Worker-to-Worker Violence in Hospitals

Perpetrator Characteristics and Common Dyads

Lydia E Hamblin 1, Lynnette Essenmacher 2, Joel Ager 1, Mark Upfal 1,2, Mark Luborsky 1,3, Jim Russell 2, Judith Arnetz 1,4,5
PMCID: PMC4894299  NIHMSID: NIHMS761925  PMID: 26450899

Abstract

Worker-to-worker (Type III) violence is prevalent in health care settings and has potential adverse consequences for employees and organizations. Little research has examined perpetrator characteristics of this type of violence. The current study is a descriptive examination of the common demographic and work-related characteristics of perpetrators of Type III workplace violence among hospital workers. Analysis was based on documented incidents of Type III violence reported within a large hospital system from 2010 to 2012. Nurses were involved as either the perpetrator or target in the five most common perpetrator–target dyads. Incidence rate ratios revealed that patient care associates and nurses were significantly more likely to be perpetrators than other job titles. By examining characteristics of perpetrators and common worker dyads involved in Type III workplace violence, hospital stakeholders and unit supervisors have a starting point to develop strategies for reducing conflict between workers.

Keywords: workplace violence, mental health, hospital workers, perpetrators, Type III violence, perpetrator–target dyads, worker-to-worker


Workplace violence is a prevalent issue in health care settings internationally (Arnetz, Aranyos, Ager, & Upfal, 2011b). Researchers categorize violence toward workers into four types (I–IV) based on the perpetrator of the violent act (Injury Prevention Research Center [IPRC], 2001). Type I incidents are perpetrated by individuals with no legitimate business relationship to the worker or workplace, usually with criminal intent such as robbery. Type II involves a patient or visitor as the perpetrator, Type III involves a coworker as the perpetrator, and Type IV involves a perpetrator with no business relationship to the workplace but who has a personal relationship to the worker. This article focuses on Type III workplace violence: worker-to-worker events.

Violent events between workers include physical assault, verbal aggression, harassment, intimidation, threats, and bullying (Jackson, Clare, & Mannix, 2002). Research suggests that Type III violence among health care workers may result from power imbalances (Felblinger, 2008) due to professional rank or seniority.
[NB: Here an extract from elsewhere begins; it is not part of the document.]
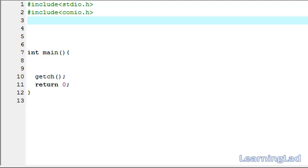Hi, this is Anil with a video tutorial for the Learning Lad on C programming. In this video tutorial we are going to see structures in C.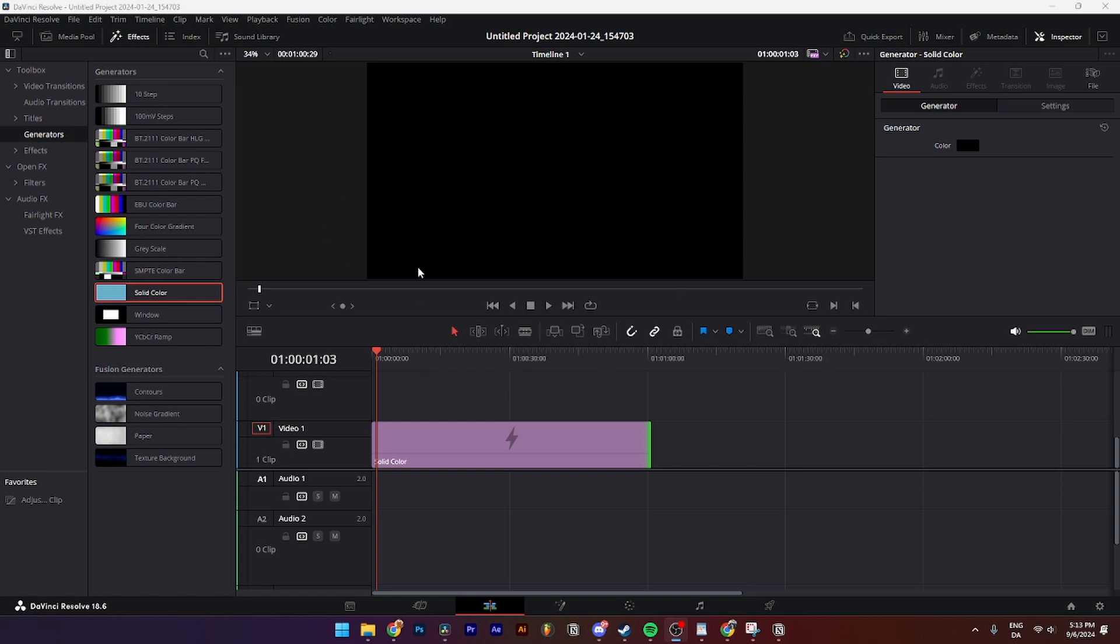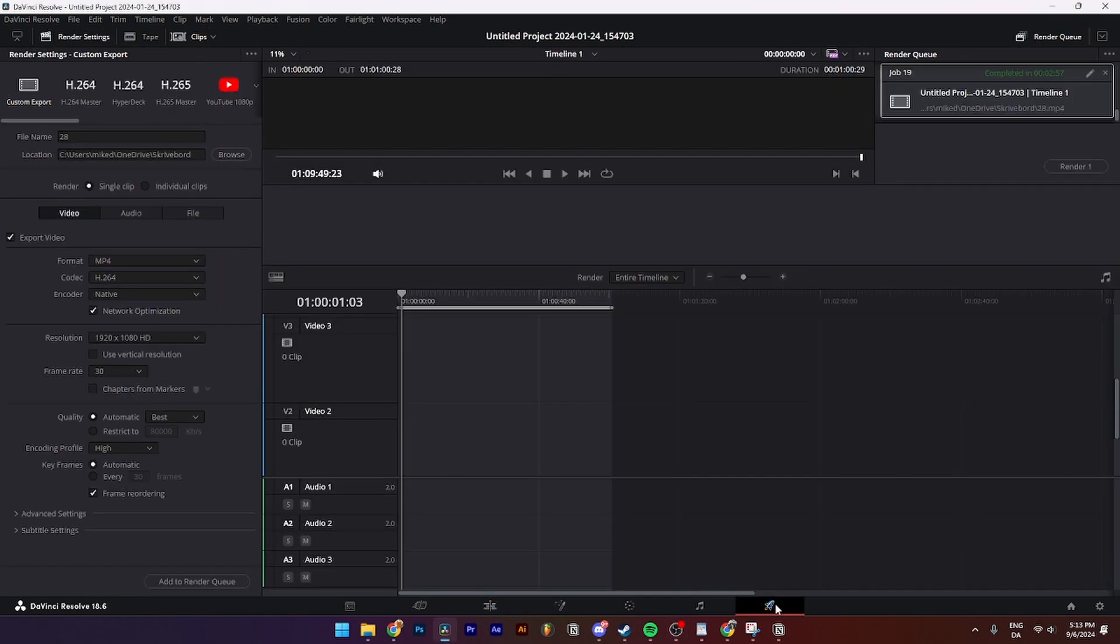So the first thing you need to do is open up your DaVinci Resolve project and go down to the export and render setting down here.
For example, newer nursing staff members were frequently bullied by more senior nursing staff (Berry, Gillespie, Gates, & Schafer, 2012; Ditmer, 2010; McKenna, Smith, Poole, & Coverdale, 2003). Also, physicians have targeted medical residents (Acik et al., 2008) and nurses using disruptive behaviors (Hegney, Eley, Plank, Buikstra, & Parker, 2006; Rosenstein, 2002) and sexual harassment (Bronner, Peretz, & Ehrenfeld, 2003; Celik & Celik, 2007). However, “horizontal violence” (Ditmer, 2010; Farrell, 2001; McKenna et al., 2003) has also been described in studies of Type III workplace violence among nursing staff with the same professional rank.

Although Type III violence is most often nonphysical (Arnetz et al., 2011b), it may have negative health consequences for employees. Verbal violence between nurses has been associated with high levels of stress (Rowe & Sherlock, 2005) and psychological problems (Magnavita & Heponiemi, 2011); sexual harassment has been associated with poor mental health (Celik & Celik, 2007) and musculoskeletal pain (Stock & Tissot, 2012). Organizations suffer consequences as well; worker-on-worker violence has been inversely associated with retention and work satisfaction of nursing staff (Rosenstein, 2002); verbal abuse (Rowe & Sherlock, 2005) and bullying (Kivimaki, Elovainio, & Vahtera, 2000) have been linked to absenteeism. Bullying has also been linked to lower organizational commitment (Demir & Rodwell, 2012) and higher turnover (Hogh, Hoel, & Carneiro, 2011) among hospital workers.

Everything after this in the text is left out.